The Rise of the Synthetic Weasel

Perspectives No. 299

Mustela sibirica by Johann Christian Daniel von Schreber
Mustela sibirica                              Johann Christian Daniel von Schreber  

   For discerning watercolor painters, a hand-made pure Kolinsky sable brush has always been the ultimate tool with which to create. These brushes are not made from sable hair at all—rather, they are made from only the tail hair of the winter coat of the male Siberian Kolinsky (Mustela Sibirica), a species of the weasel family.

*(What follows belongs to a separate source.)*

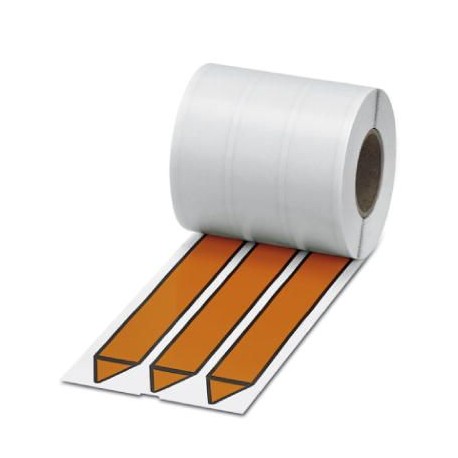 PML-T106 (26X280)R CUS - PML-T106 (26X280)R CUS 1014259 PHOENIX CONTACT Pipeline markers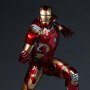 Iron Man MARK 43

Because the animals are isolated to Siberia and northeast China, and because they do not do well in captivity, the cost of their hair has always been very high, usually about three times the cost of gold, or approximately $58,000.00 per pound today!

   Since 2013, the Kolinsky has been included in the Convention on International Trade in Endangered Species of Wild Fauna and Flora, or CITES agreements. The import ban on Kolinsky, which only affects United States customers, has made the pure Kolinsky brushes more difficult to find and much more expensive to buy. Eventually old stocks will be exhausted and there will not be any more available in the U.S., unless the ban is lifted. However, the ban has had some positive consequences (for both the male Kolinsky and for us) with manufacturers working hard to satisfy the demand for exceptional professional watercolor brushes.

   Thirty years ago, most synthetic watercolor brushes were not comparable to the Kolinsky, but a few manufacturers began to develop new fiber technologies in an effort to mimic the qualities inherent in natural Kolinsky hair. Since John was painting a lot of illustration and landscape work at that time, he was wearing out a lot of very expensive sable brushes and looking around for any alternatives. Around then, Jack Richeson created a new brush, the Series 9000, which behaved very similarly to a Kolinsky for a small fraction of the cost. It was made from seven different types of pointed synthetic fibers which gave it marvelous painting qualities. John switched from using a $125 size 12 Winsor and Newton sable round to a $25 Richeson size 20 synthetic round and has never looked back.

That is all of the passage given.